I’m doing some research on Unicode and compression algorithms right now for a side-project I’m working on, and I came across a highly ranked Google search result for a UTF-8 munging code snippet that is so idiotic I couldn’t let it pass without comment. If this post helps even one person who would’ve otherwise followed the linked advice, it is worth it.
First, some background. UTF-8 is a character encoding format that can pretty much handle any character under the Sun, from the English alphabet to Japanese kanji to obscure extinct languages. It even includes thousands of esoteric symbols used in smaller fields of study that you’ve probably never even heard of before. But the nice thing about UTF-8 is that it is variable-length. Standard ASCII characters (including everything on a standard English keyboard) only take one byte to represent. All of the common characters from other widely used languages typically take just two bytes to encode. It’s only the really obscure characters that require more than two bytes.
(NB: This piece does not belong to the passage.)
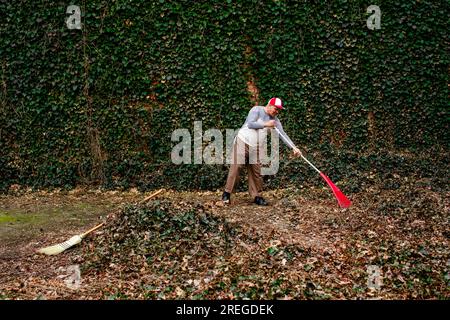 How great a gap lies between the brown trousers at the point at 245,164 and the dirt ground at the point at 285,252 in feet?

So now you see why the linked “solution” is so stupid. This guy says he is “designing a little client/server binary message format” and wants “a simple and quick way to encode strings”. Well, duh — use UTF-8, no ifs, ands, or buts about it. It’s simple, quick, and already implemented in any programming language you can think of, so it requires no additional coding. There are all sorts of dumb ways to unnecessarily reinvent the wheel in sotware engineering, but trying to come up with your own character encoding is particularly idiotic. It’s really tricky to get right because there are so many corner cases you’ll never even know existed until they cause your application to break. The Unicode Consortium exists for a reason — what they do is hard.
This guy even confesses that his expected input will probably not contain Unicode characters that are longer than 2 bytes. So there is no justification at all for what he does next — he creates a mangled version of UTF-8 that turns all Unicode characters 3 bytes and longer into question marks, instead of just leaving them as is. So instead of allowing a rare character to take an additional byte or two, it gets mangled. And to accomplish this, he has to create his own custom encoding solution that is an intentionally broken version of UTF-8. That’s the worst part — he’s wasting time creating completely unnecessary code, that will need to be maintained, that will need to be debugged — and for what?
Of course, none of the people responding to his thread point out that what he is trying to do is stupid. They just smile and hand him some rope.